Trinity College, Cambridge, is seeking to appoint an exceptional scholar to research and document the history of the College’s connections to enslavement. The research goal of the post is to produce and publish research documenting and analysing the College’s links to enslaved people and its economic connections with the exploitation of enslaved labour. A further goal of the post is to provide teaching in broadly related areas of history for undergraduates at the University of Cambridge.
The successful candidate will accordingly be a historian who is able to demonstrate their capacity to pursue and to publish high quality research into all relevant archival, printed, material, and visual sources from the seventeenth to the nineteenth centuries, both within and beyond Trinity’s own archives. In respect of their teaching they will be able to offer effective undergraduate supervision in British, and/or Caribbean and North American, and/or World history from the eighteenth century onwards. Overall, the College seeks to appoint a candidate who through their publications and their teaching will illuminate our understanding of the past and thereby contribute to contemporary discussion and debate.
The post will be open to early career researchers who will be in possession of a PhD by the start date of 1 October 2023. It is tenable for four years.
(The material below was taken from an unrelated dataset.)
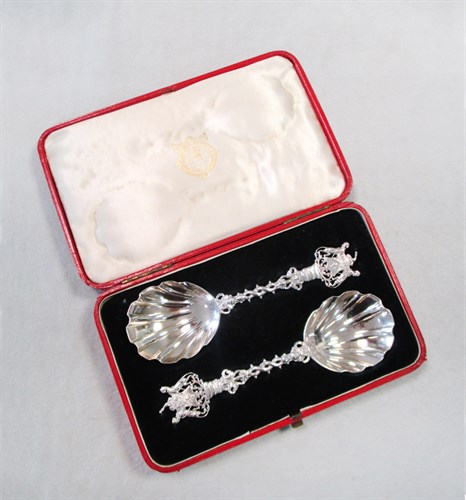 Lot 116 - A pair of Victorian silver shell bowl spoons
The salary for the post is set at £51,917 per annum. The postholder will become a Fellow of the College. They will be expected to dedicate part of their time to teaching (6 hours per week during the 20 weeks of the undergraduate year) as well as helping with assessing candidates for undergraduate admission and directing the studies of current undergraduates. The postholder will be offered a residential set of rooms in the College free of rent (if available and subject to certain conditions); otherwise, a housing allowance of up to £4,200 per annum; free meals at the High Table; access to funds for the support of research and attendance at conferences; and use of all the College’s facilities.
Applicants should submit:
- a covering letter;
- a curriculum vitae, including a statement of qualifications, a publications list and teaching experience, if applicable;
- a published article or chapter from a PhD demonstrating expertise in the kind of research that may be pertinent to the post (this work need not be specifically related to the history of enslavement);
- the names of three referees (at least one outside of Cambridge) who should be asked to submit references by the closing date.